Le stathouder n’était pas homme à délaisser si facilement sa proie. Il s’était proposé, comme il disait lui-même, « la destruction du duc de Luxembourg ; » les troupes de l’Empereur lui manquant, il résolut de s’en passer et de faire seul, avec le renfort espagnol, une tentative « en laquelle il était persuadé de réussir[2]. » Il dépêcha vers Monterey le comte de Waldeck, l’un de ses généraux, pour proposer l’affaire et combiner le coup. Monterey se laissa convaincre ; le 17 décembre, en « un magnifique équipage, » accompagné de toute la noblesse du pays, il quittait pompeusement Bruxelles pour se porter avec ses troupes au rendez-vous convenu avec le prince d’Orange. La jonction des armées se fit à Tirlemont, sur la rive gauche de la Meuse, pointe extrême d’un triangle dont Liège et Namur font la base. Le poste était des mieux choisis. Dans un temps où les routes étaient rares et mauvaises, le chemin naturel de Maëstricht en France était la « grande chaussée » qui suivait le cours de la Meuse, passant par Liège, Huy et Namur pour aboutir à Charleroi.
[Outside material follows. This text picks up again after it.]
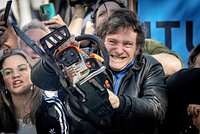 &laquo;Президент с бензопилой&raquo; разрешил продажу паспортов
Tel était bien l’itinéraire que se proposait Luxembourg pour rapatrier son armée, par une voie, disait-il, « aussi sûre que commode. » En s’embusquant à Tirlemont, Guillaume, de cette façon, s’assurait un double avantage : il menaçait la grande chaussée, prenait en flanc les troupes qui s’y seraient aventurées ; de plus, il les coupait de la Flandre et du Hainaut, où le comte de Schomberg[3], avec un corps de six mille cavaliers, était posté, suivant l’ordre du Roi, pour donner au besoin la main à Luxembourg[4].

Suivre son premier plan et forcer les obstacles, Luxembourg

  1. Lettre du 16 décembre 1673. — Archives de la Guerre, t. 317.
  2. Gazette de 1674.
  3. Armand-Frédéric, comte de Schomberg, 1619-1690. Maréchal de France en 1675, il quitta le service du Roi lors de la révocation de l’Édit de Nantes, et fut tué à la bataille de la Boyne, en combattant contre Jacques II.
  4. Gazette de 1674. — Mémoires du marquis de Feuquières. — Lettre de Luxembourg à Louvois du 16 décembre 1673. — Archives de la Guerre, t. 331.